In a previous study, blackgrass field samples were collected as well as field history data comprising a period of 6 years in a region of Southern Germany, region of Hohenlohe, and herbicide resistance was assessed (Herrmann, 2016). A similar study was performed in Northern France, region of Champagne (Lepke et al., 2020). Based on this material, we performed extensive studies with a random forest approach to assess the driving variables and their rankings in both regions. The availability of data from two regions with comparable crop management, prompted us to test, whether the patterns found in Hohenlohe data are specific for this region or whether they are transferable not only to another region, in that case Champagne (and vice versa) but also to another grass weed, in that case Lolium spp (rye-grass), important worldwide weed to be controlled (Powles and Yu, 2010; Dücker et al., 2019b) and which has evolved herbicide resistance (Heap, 2024). Descriptive data analyses were presented and some results of single analyses were already discussed (Lepke et al., 2020).

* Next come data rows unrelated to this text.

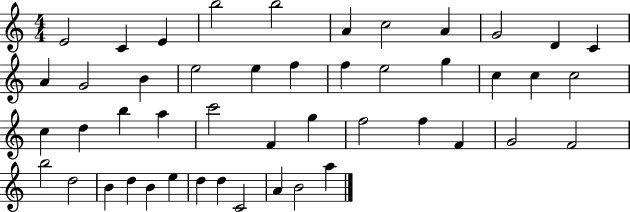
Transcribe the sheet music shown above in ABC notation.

X:1
T:Untitled
M:4/4
L:1/4
K:C
E2 C E b2 b2 A c2 A G2 D C A G2 B e2 e f f e2 g c c c2 c d b a c'2 F g f2 f F G2 F2 b2 d2 B d B e d d C2 A B2 a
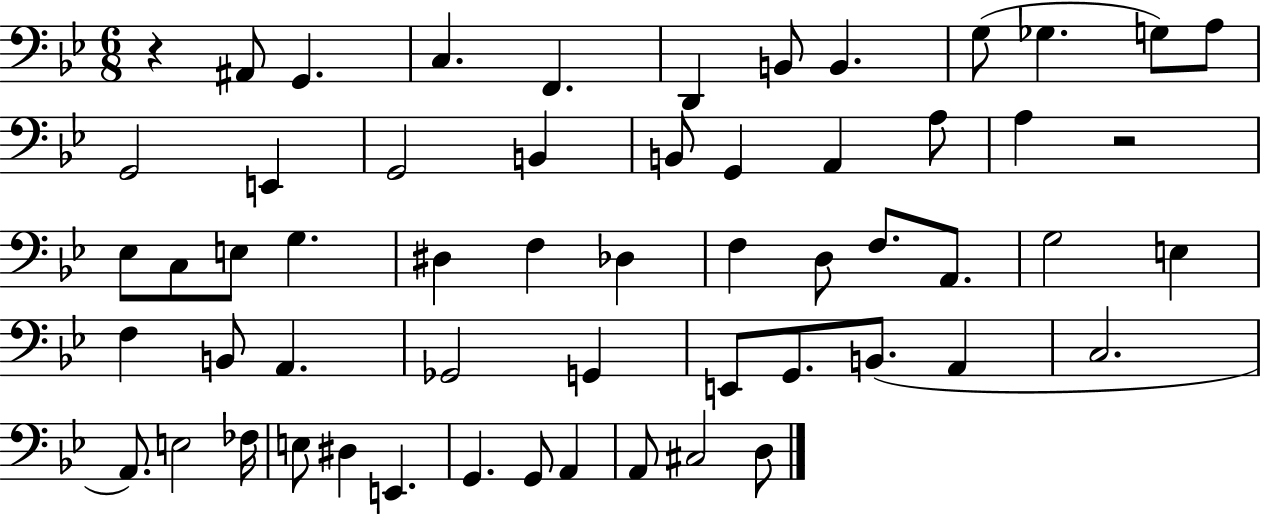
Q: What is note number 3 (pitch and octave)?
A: C3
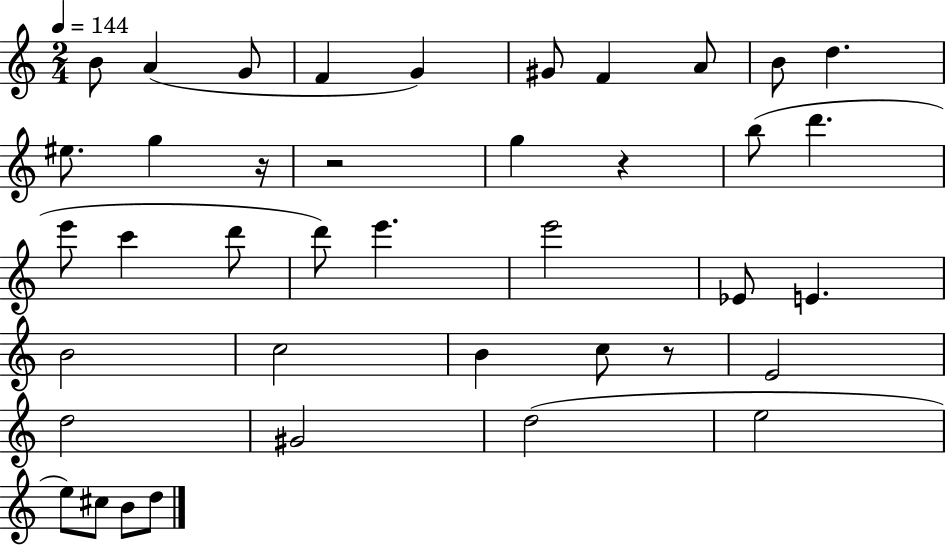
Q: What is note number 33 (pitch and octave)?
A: E5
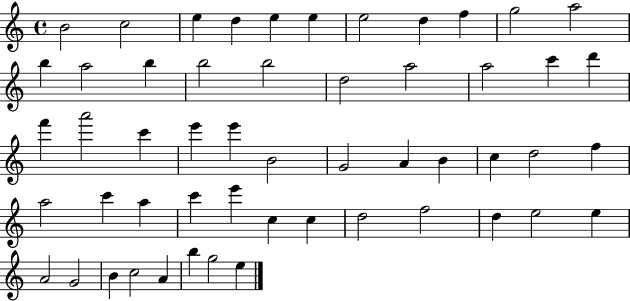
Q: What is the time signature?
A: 4/4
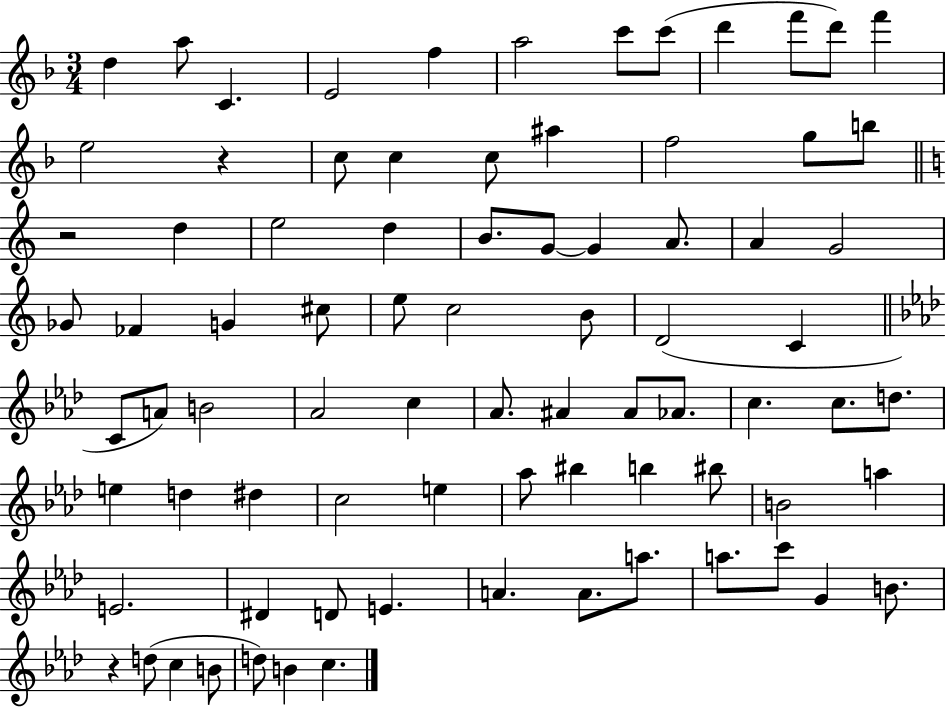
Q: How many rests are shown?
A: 3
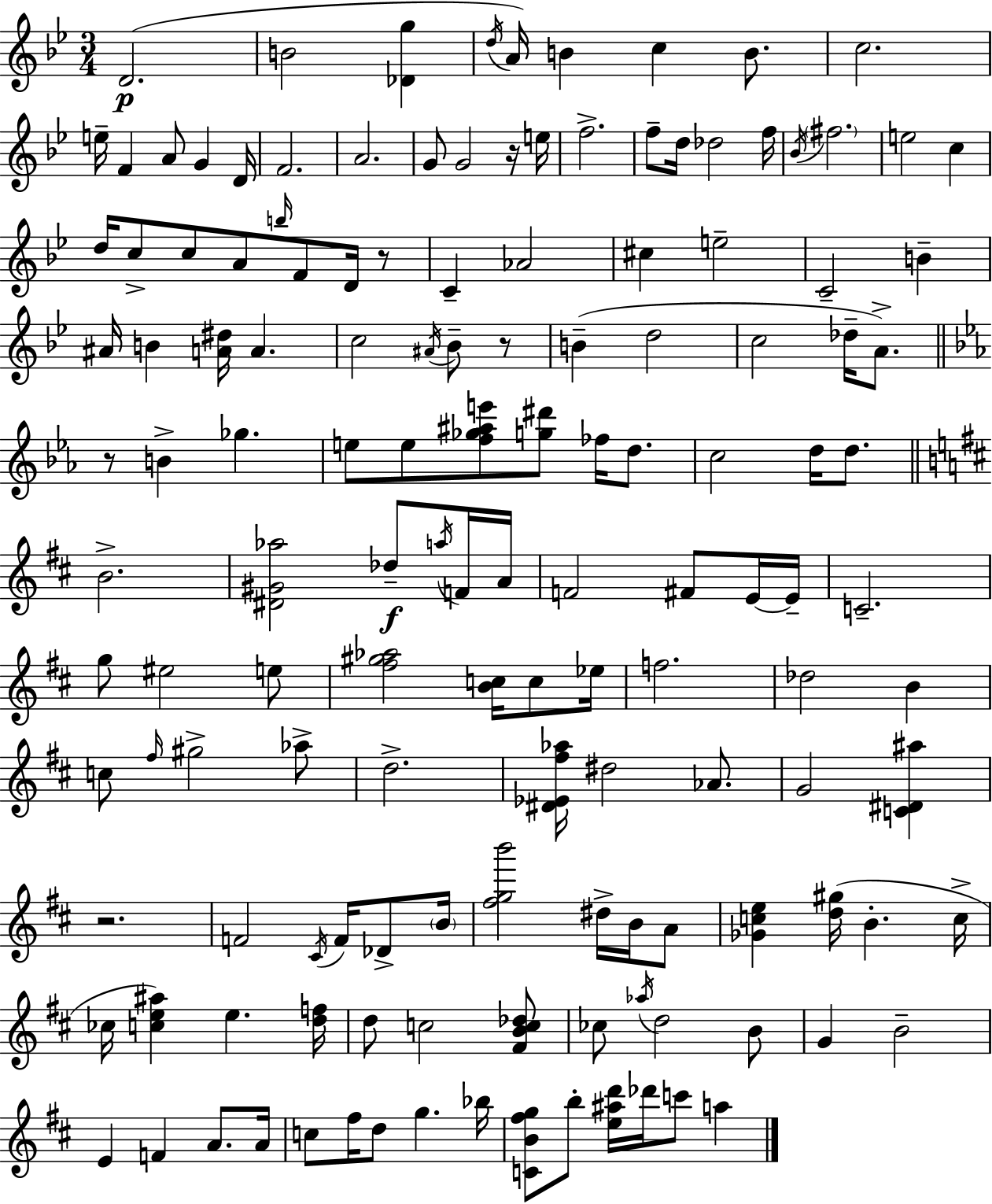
D4/h. B4/h [Db4,G5]/q D5/s A4/s B4/q C5/q B4/e. C5/h. E5/s F4/q A4/e G4/q D4/s F4/h. A4/h. G4/e G4/h R/s E5/s F5/h. F5/e D5/s Db5/h F5/s Bb4/s F#5/h. E5/h C5/q D5/s C5/e C5/e A4/e B5/s F4/e D4/s R/e C4/q Ab4/h C#5/q E5/h C4/h B4/q A#4/s B4/q [A4,D#5]/s A4/q. C5/h A#4/s Bb4/e R/e B4/q D5/h C5/h Db5/s A4/e. R/e B4/q Gb5/q. E5/e E5/e [F5,Gb5,A#5,E6]/e [G5,D#6]/e FES5/s D5/e. C5/h D5/s D5/e. B4/h. [D#4,G#4,Ab5]/h Db5/e A5/s F4/s A4/s F4/h F#4/e E4/s E4/s C4/h. G5/e EIS5/h E5/e [F#5,G#5,Ab5]/h [B4,C5]/s C5/e Eb5/s F5/h. Db5/h B4/q C5/e F#5/s G#5/h Ab5/e D5/h. [D#4,Eb4,F#5,Ab5]/s D#5/h Ab4/e. G4/h [C4,D#4,A#5]/q R/h. F4/h C#4/s F4/s Db4/e B4/s [F#5,G5,B6]/h D#5/s B4/s A4/e [Gb4,C5,E5]/q [D5,G#5]/s B4/q. C5/s CES5/s [C5,E5,A#5]/q E5/q. [D5,F5]/s D5/e C5/h [F#4,B4,C5,Db5]/e CES5/e Ab5/s D5/h B4/e G4/q B4/h E4/q F4/q A4/e. A4/s C5/e F#5/s D5/e G5/q. Bb5/s [C4,B4,F#5,G5]/e B5/e [E5,A#5,D6]/s Db6/s C6/e A5/q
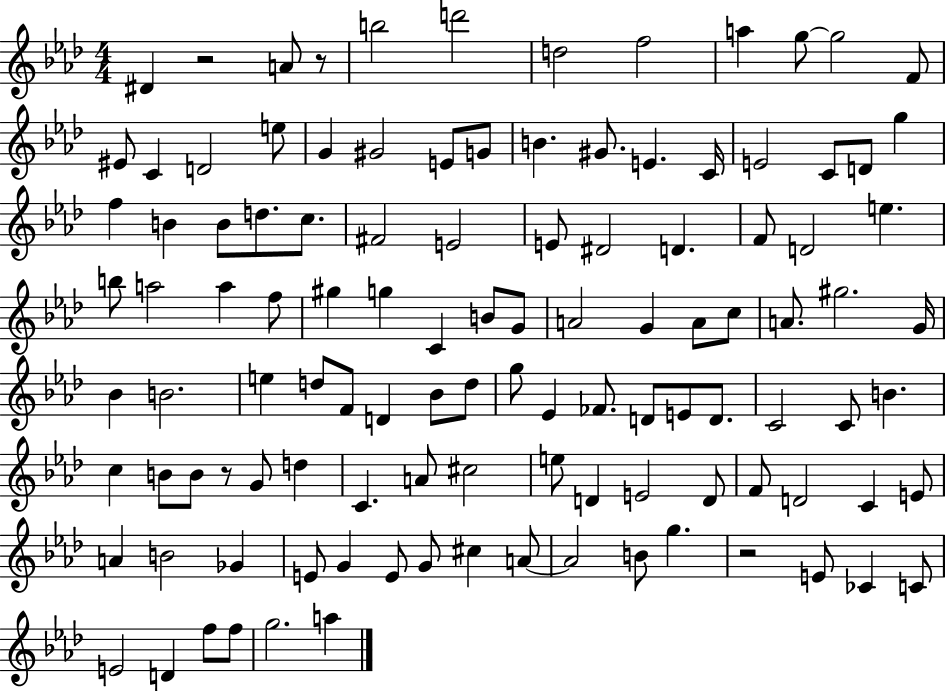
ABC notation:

X:1
T:Untitled
M:4/4
L:1/4
K:Ab
^D z2 A/2 z/2 b2 d'2 d2 f2 a g/2 g2 F/2 ^E/2 C D2 e/2 G ^G2 E/2 G/2 B ^G/2 E C/4 E2 C/2 D/2 g f B B/2 d/2 c/2 ^F2 E2 E/2 ^D2 D F/2 D2 e b/2 a2 a f/2 ^g g C B/2 G/2 A2 G A/2 c/2 A/2 ^g2 G/4 _B B2 e d/2 F/2 D _B/2 d/2 g/2 _E _F/2 D/2 E/2 D/2 C2 C/2 B c B/2 B/2 z/2 G/2 d C A/2 ^c2 e/2 D E2 D/2 F/2 D2 C E/2 A B2 _G E/2 G E/2 G/2 ^c A/2 A2 B/2 g z2 E/2 _C C/2 E2 D f/2 f/2 g2 a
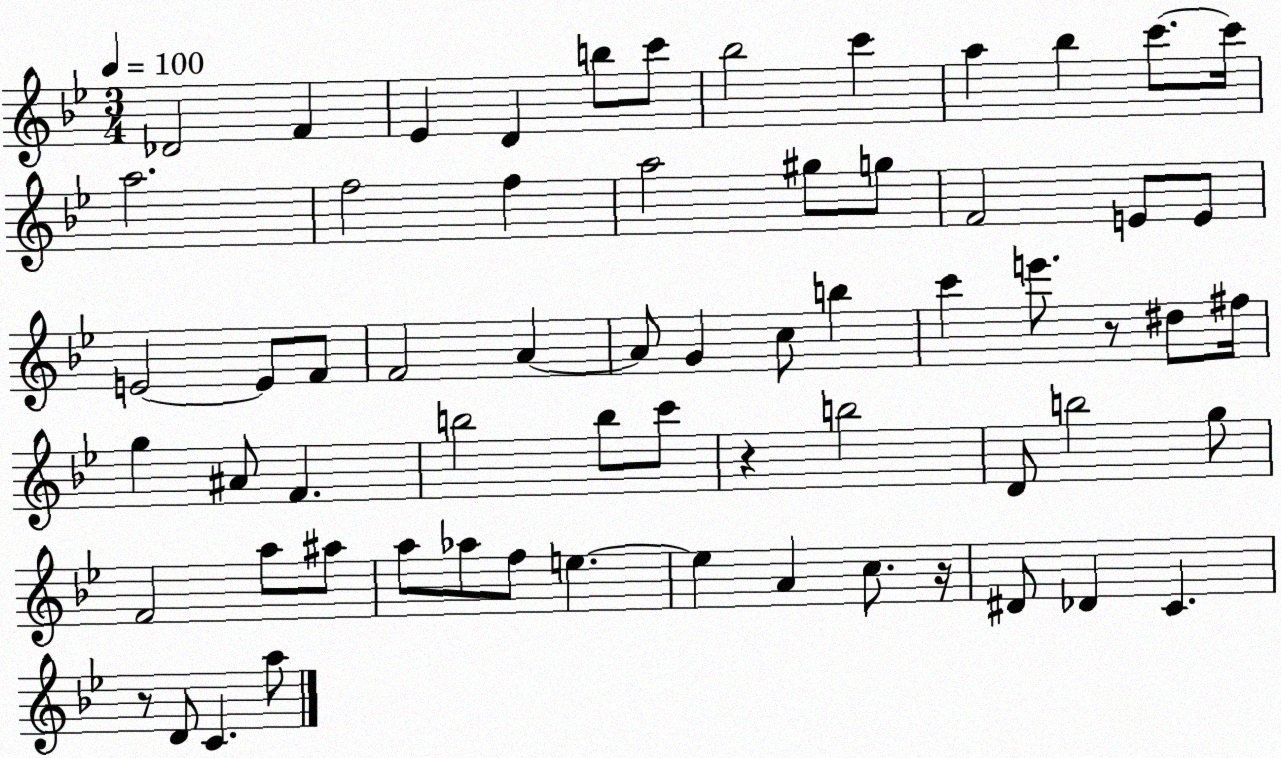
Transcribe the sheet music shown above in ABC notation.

X:1
T:Untitled
M:3/4
L:1/4
K:Bb
_D2 F _E D b/2 c'/2 _b2 c' a _b c'/2 c'/4 a2 f2 f a2 ^g/2 g/2 F2 E/2 E/2 E2 E/2 F/2 F2 A A/2 G c/2 b c' e'/2 z/2 ^d/2 ^f/4 g ^A/2 F b2 b/2 c'/2 z b2 D/2 b2 g/2 F2 a/2 ^a/2 a/2 _a/2 f/2 e e A c/2 z/4 ^D/2 _D C z/2 D/2 C a/2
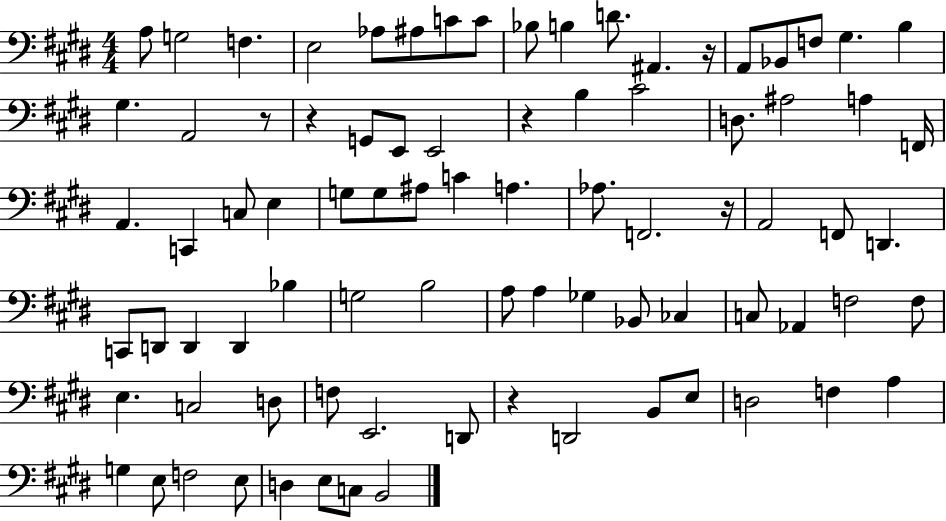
X:1
T:Untitled
M:4/4
L:1/4
K:E
A,/2 G,2 F, E,2 _A,/2 ^A,/2 C/2 C/2 _B,/2 B, D/2 ^A,, z/4 A,,/2 _B,,/2 F,/2 ^G, B, ^G, A,,2 z/2 z G,,/2 E,,/2 E,,2 z B, ^C2 D,/2 ^A,2 A, F,,/4 A,, C,, C,/2 E, G,/2 G,/2 ^A,/2 C A, _A,/2 F,,2 z/4 A,,2 F,,/2 D,, C,,/2 D,,/2 D,, D,, _B, G,2 B,2 A,/2 A, _G, _B,,/2 _C, C,/2 _A,, F,2 F,/2 E, C,2 D,/2 F,/2 E,,2 D,,/2 z D,,2 B,,/2 E,/2 D,2 F, A, G, E,/2 F,2 E,/2 D, E,/2 C,/2 B,,2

In this study, we report the results obtained by the application of the random forest method, based on field history parameters, on the evolution of herbicide resistance in black-grass. Variable importance and performance measures were studied in a systematic way for a large number of single analyses allowing for a statistical analysis of the four performance measures, type I error, type II error, AUC and accuracy. This is a first step showing that reliable weed resistance management prediction can be based on a random forest model approach. In addition, the model developed in one region can be successfully used in another one (Hohenlohe versus Champagne). Furthermore the model developed for black-grass can be extended to another grass weed, in that case rye-grass.

2 Materials and methods

2.1 Field history data

Field history data from two earlier studies were used. A first data set related to A. myosuroides Huds (blackgrass) includes the field histories and resistance status of 98 fields from the Hohenlohe area in Germany (Herrmann, 2016) and 131 from the Champagne area in France (Lepke et al., 2020). For the Champagne area, a second data set related to Lolium spp. (rye-grass) was obtained for 49 fields with resistance status and field history information. Predictor variables comprise in particular crop species rotation, number of crops used over a 6-year period, number of winter and summer crops respectively, seeding date, soil cultivation like ploughing or shallow tillage and herbicide applications. In total, there are 20 predictors as described in Table 1. For each field management data were recorded for a period of 6 years, e.g. crops, plant protection products, and soil cultivation. This is denoted as field history. From these data an input vector for the random forest procedure was generated by allocating scores. For example, for ploughing 1 or 0 was assigned depending on whether the tillage method was plough or another respectively. The variable no. of crops is the number of unique crops cultivated within the observation period. All other variables were treated in the same manner (cf. Table 1).

Table 1

Table 1 List of predictor variables [based on Herrmann (2016)].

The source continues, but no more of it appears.